Analytics

Note

Coiled’s analytics functionality is under active development and its features are still experimental. Please submit feedback to our feedback portal or report bugs to our support team.

A key part of running distributed workloads at scale with Dask and Coiled is understanding what is happening in your Coiled account, including

  • How much data is being processed

  • How much your Dask computations/clusters cost

  • Dask adoption and usage within your team

  • Where there are opportunities for greater speed and efficiency

To that end, Coiled collects usage data for your clusters and surfaces it to you on https://cloud.coiled.io.

Account-level analytics

In addition to the cost and metrics shown on your account dashboard for recent clusters, Coiled provides more detailed analytics and historical information for each account. This page is at https://cloud.coiled.io/<your-account-name>/analytics and accessible using the Analytics item in the sidebar. It shows account-level information, and allows you to answer questions about where and how resources are being spent.

Account Statistics

The account statistics panel shows some high-level values for Coiled usage in your account, including total cluster time, memory processed, and tasks executed.

../_images/account-statistics.png

Member Compute Usage

Coiled accounts can have many members. The Member Compute Usage panel shows the activity of the account members over the last several months, including total cluster time, total compute time, and total cluster cost, broken into weekly bins.

By clicking on a particular bin, the Cluster Listing will be filtered to show only clusters for that user and time period. Double-clicking clears the selection.

Cluster Listing

The clusters table shows statistics for clusters that have been run in your account. It includes the user, start/stop time, cost, and compute statistics for the cluster. By clicking on the eyeball icon, you will be taken to the analytics page for that cluster, allowing you to investigate the performance of specific computations.

By default, the listing shows the most recent 100 clusters from the account, but it will show clusters from a specific time window and creator if you make a selection in the Member Compute Usage panel.

Performance Reports

Dask performance reports can be uploaded to cloud.coiled.io and viewed there. Any reports that have been uploaded with to a Coiled account will be listed here, and you can click through to view them.

For more information, see Performance Reports.

Cluster-level analytics

In addition to account-level statistics, Coiled collects usage data for individual clusters. This allows you to view the activity on a given cluster in your account, including timing data, cost, and profiling information.

An individual cluster analytics page can be accessed by clicking through from the Cluster Listing.

Cluster Statistics

The cluster statistics panel shows some high-level metrics for the given cluster including total time, memory processed, and tasks executed, and tasks errored.
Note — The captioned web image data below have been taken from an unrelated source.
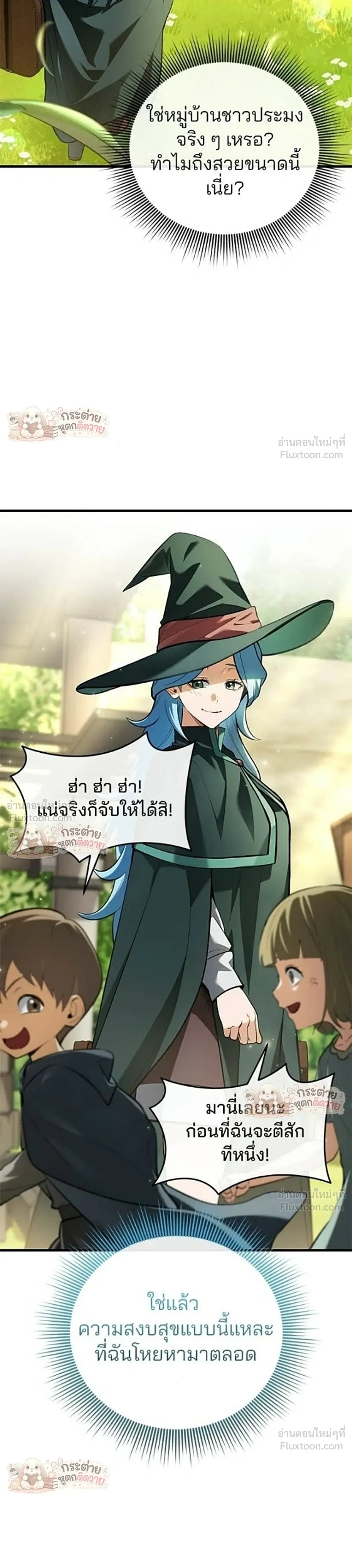 Feasting Lord In Another World - ท่านลอร์ดนักกินในต่างโลก - หน้า 3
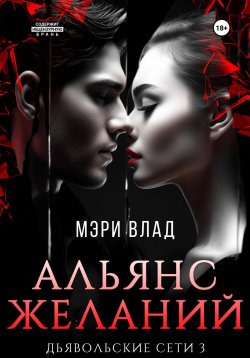 Книга "Альянс желаний" {Дьявольские сети} – Мэри Влад, 2021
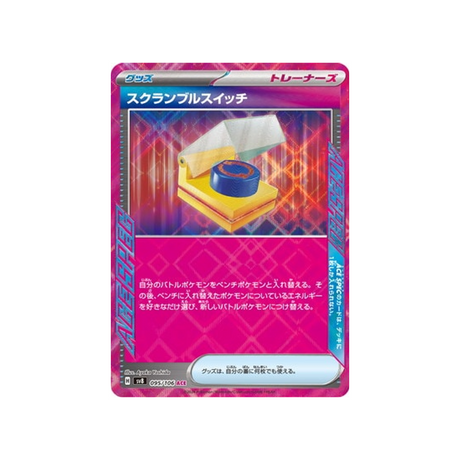 carte-pokemon-super-electric-breaker-sv8-095106-echange-combine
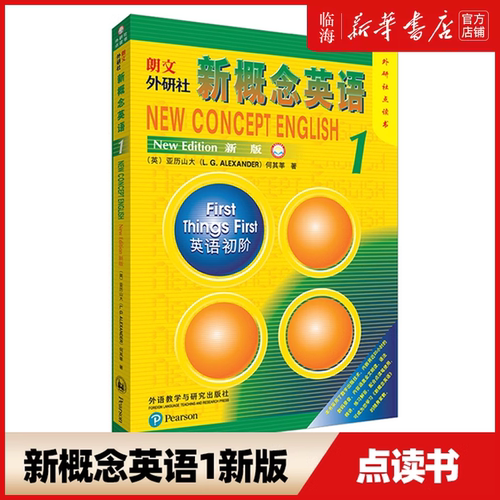 【新概念英语1新版点读书】任选朗文外研社新概念英语 新版1234英语初阶外研社点读版  新华正版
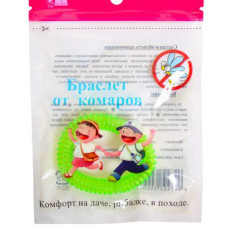 Браслет №АМ-1 спіраль від комарів (1000) (20233/88366)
../_images/cluster-statistics.png

Task Prefixes

Tasks that are executed on Dask clusters are given names, and the prefix of these names are typically descriptive of what kind of operation that the task is performing (e.g., read_csv or groupby).

The task prefix panel shows a histogram of the most common task prefixes for your cluster, allowing you to view at-a-glance the kinds of operations that a given cluster is performing.

../_images/task-prefixes.png

Computations

A single perisist, compute or submit call to a Dask cluster is considered a “computation”, and each computation is comprised of a number of “task groups”, which are related sets of tasks that are executed (e.g., read_parquet-abc or shuffle-123).

Coiled shows you information about specific computations in the Computations listing, including the total number of tasks, timing information, whether any tasks errored, You can click to expand a given computation to show more information:

Code snippet

The code snippet that launched the computation.

Task group graph

A graph showing the task groups that were executed in the computation and their dependencies.

The arrows point from dependency to dependent, and the nodes show information about a specific task group. The size of each node scales with the amount of memory consumed by a task group. The background colors show whether the task group duration was dominated by compute, transfer, disk I/O, or deserialization (using the same color scheme as the Dask Task Stream). If tasks within the task group fail, the node is drawn with a red border.